Para pengemis tadi, didrop di perempatan-perempatan jalan strategis, pada pagi hari. Selanjutnya mereka akan mulai minta-minta sampai petang hari. Setelah itu mereka kembali ke daerah asalnya, menggunakan pikap atau truk yang sama.

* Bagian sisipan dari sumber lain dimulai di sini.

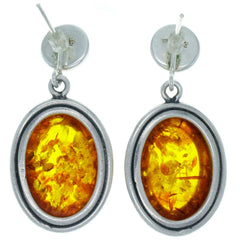 Modern Amber Cabochon Dangle Earrings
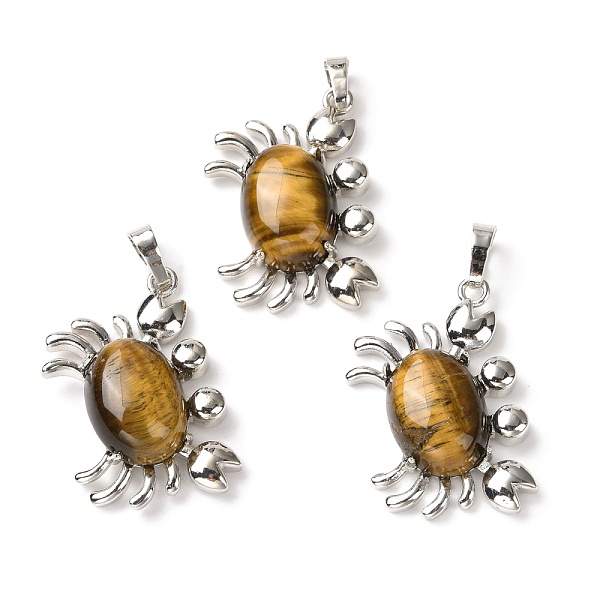 

PandaHall Natural Tiger Eye Pendants, with Platinum Plated Brass Findings, Cadmium Free & Lead Free, Crab, 33x22x8.5mm, Hole: 8x5mm Tiger...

Melihat itu, Risma memerintahkan seluruh lurah maupun camat se-Surabaya agar aktif dalam melakukan sweeping. Beberapa kawasan sudah dipetakan untuk diwaspadai mulai perbatasan kota, Taman Hiburan Pantai Kenjeran, Masjid Ampel, Masjid Al Akbar, Kebun Binatang Surabaya, Terminal Purabaya dan stasiun kereta api.

Sudah Bersih
Yang membuat Risma kesal dan sedih, ternyata para pengemis yang menyerbu Surabaya, bukan hanya yang sehat fisik, tetapi ada orang buta dan ibu-ibu sambil menggendong anak balita.

Terhadap mereka yang diamankan, selanjutnya dibawa ke Liponsos. Bagi yang masih mempunyai keluarga, dikembalikan. Sedangkan yang tidak mempunya keluarga, selanjutnya dilatih ketrampilan.

Para tuna wisma yang menghuni kolong jembatan di atas Kalimas, juga tidak luput dari perhatian wali kota perempuan pertama di Surabaya ini.

Para tuna wisma itu lebih dahulu dientas selanjutnya diminta untuk menempati rumah susun yang dibangun Pemkot Surabaya.
Kini, kolong jembatan termasuk Jembatan Merah yang legendaris itu, sudah bersih dari tuna wisma. Jembatan ini menjadi saksi atas meninggalnya jendral Mallaby, Inggris, saat pecah revolusi fisik.

Hal lain yang masih terkait dengan sosial kemasyarakatan adalah, Pemkot Surabaya membantu permakanan terhadap 11.000 lansia kurang mampu.

Sehari sekali tanpa libur, para lansia tadi dikirimi makan dengan menu sehat terkontrol. Guna melayani mereka, pemkot, bekerja sama dengan pemilik warung makan.

Jadi, sebelum Risma menjadi menteri sosial, ia sudah menjalankan program sosial untuk meningkatkan kesejahteraan yang lebih baik.